In February 2009, my out finally came. I dropped many of the rocks that were holding me back, woke up, and I began on a new course. I finally took the red pill, so to speak.
When you make a major life change in one specific area, there’s a tendency to think everything is going to magically change by association. I woke up every morning for a while assuming one day I would find myself back to my college weight. It didn’t happen. You can’t just “quit” eating. I had to become aware in this arena as well, and do the work.
Over the next three years, I began reading. Exploring. Learning. I worked my way through hundreds of nutritional blogs and websites. I tried on different “dietary frameworks”. When I lived in San Diego I had a friend who was a raw vegan, and she always seemed to be in great health and have more energy than any of us knew what to do with, so I began to focus there. I watched videos by Dan “The Life Regenerator” McDonald. He was fired up. I got fired up. I bought in. I got a juicer. I ate a lot of salads and did a juice fast. I was friends with Kale before he became famous. I lost a few pounds and kinda felt like I was on crack a lot. I started reading more vegan blogs. I watched a really maniacal couple get fired up about eating 40 bananas a day, and nothing more. They preached the One True Way. I saw people not doing well and being told they were “doing it wrong”. I grew up Catholic. I recognized dogma. Something didn’t seem right.
While I was reading through some forum posts on one of the more popular vegan sites at that time, I read a comment by someone named Denise Minger. She mentioned she had started a new blog that would focus on some of the flaws in the vegan diet. I was curious. She was a good writer. At some point, she made reference to “paleo.” I had no idea what she was talking about.
Denise would go on to write a rather infamous rebuttal to the China Study. I would go on to explore Paleo. And I liked what I found. Instead of anecdotal references to detoxing, living enzymes and “Kirlian light auras”, I found hard references to Pubmed studies. Instead of blogs written by people who had layman experience coupled with a strong ethical bent, I found articles written by MDs with degrees from Stanford working in major hospitals. The lay people who were writing were focused mostly on breaking down the science — their opinions were a side note. With all due respect to those in the vegan community, the science appealed to me more than promises of karmic righteousness. (That being said, I also soon found the paleo dogma and the paleo crazy. Crazy knows no bounds.)

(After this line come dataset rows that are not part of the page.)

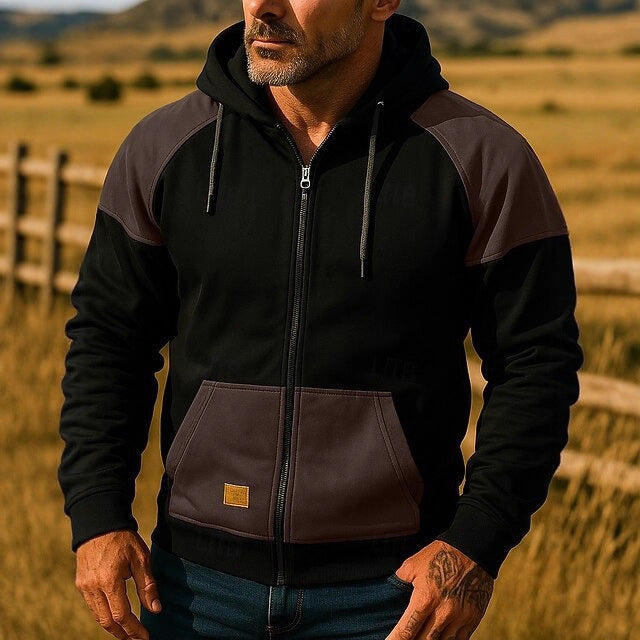 Herren Sportliche Kapuzenjacke mit Farbblockdesign EB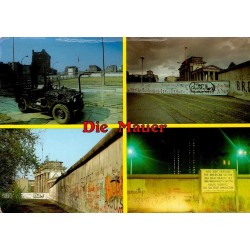 Berlin avant 1989, Mur de Berlin, porte de Brandebourg, graffitis et panneau du secteur américain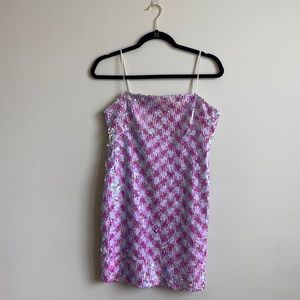 Topshop mini shift dress pink/silver sequins US 4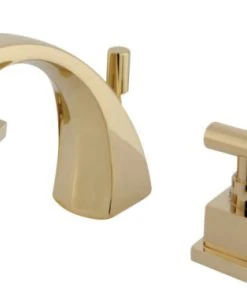 Kingston Brass Widespread Bathroom Faucet With Brass Pop-Up, Polished Brass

In the end, I tried to assimilate it all. I started in the middle. Where the circles convened. What I found there was wheat. It was bad. The Vegans and the Paleos agreed. I stopped eating it. Everyone was in agreement about a variety of vegetables, so I ate more. I had to pick a side about meat, and in this case I chose to side with paleo, and hence “became” Paleo. I stopped the rabid research, stopped being the person who couldn’t talk to his friends about anything besides food, and I just quietly eased into my decision.

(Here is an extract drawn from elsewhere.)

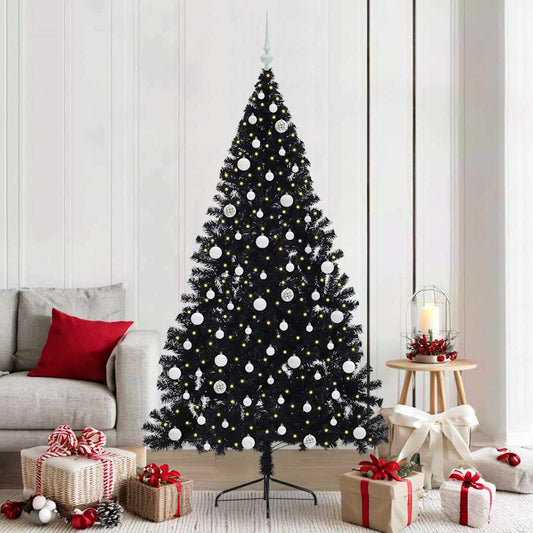 Kunstmatig Voorverlicht Kerstboom met 300 LED Zwart 210 cm PVC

Over the next year, I was only about 80% compliant. But like Pareto predicts, it was enough to do the trick: During that time I lost about 50 pounds. I got into tracking metrics, and kept daily logs of things I could measure — weight, BP, temperature, hours of sleep. I learned there was a whole “quantified self” movement, and read stuff by Seth Roberts and Tim Ferriss. I had my partial genome tested through 23andme.com. I had a doctor appointment where the nurse casually said “It would be good if we knew what your pressure was this morning”, and I casually told her what my pressure was that morning. She looked at me like I was nuts. Maybe so. Crazy knows no bounds.
The Cholesterol Issue
From that spring of 2009 until February of 2013, I didn’t really have any lab work done, and I wasn’t seeing doctors on a regular basis (the incident mentioned above happened during one of maybe three visits.) But I had lost the weight and outside of a bout of Cedar allergy-induced pneumonia in early 2012, I was feeling great. My only knowledge of my cholesterol levels came after a few various blood donations, where I would check my total number online. It would usually hover around 200. I had no idea about my LDL or HDL levels. This didn’t give my any pause. As a paleo I rejected the Cholesterol Hypothesis. I was sure that by keeping sugar low, eating healthy fats and decent meat, my body would self-regulate cholesterol levels to where it needed them to be. And by keeping inflammation low, cholesterol was a non-issue anyway. In keeping any serious critical examination or even consideration of my cholesterol numbers at arm’s length, I was ignoring a few things:
- Since 2009 I had made quite a few lifestyle changes besides diet, but quitting smoking was not one of them. If anything, I was smoking more than ever. Maybe not a lot compared to full-time smoker norms like one or two packs a day, but certainly enough to hurt — between one or two packs a week. Any inflammation I was keeping at bay through diet I was more than making up for with smoke and nicotine.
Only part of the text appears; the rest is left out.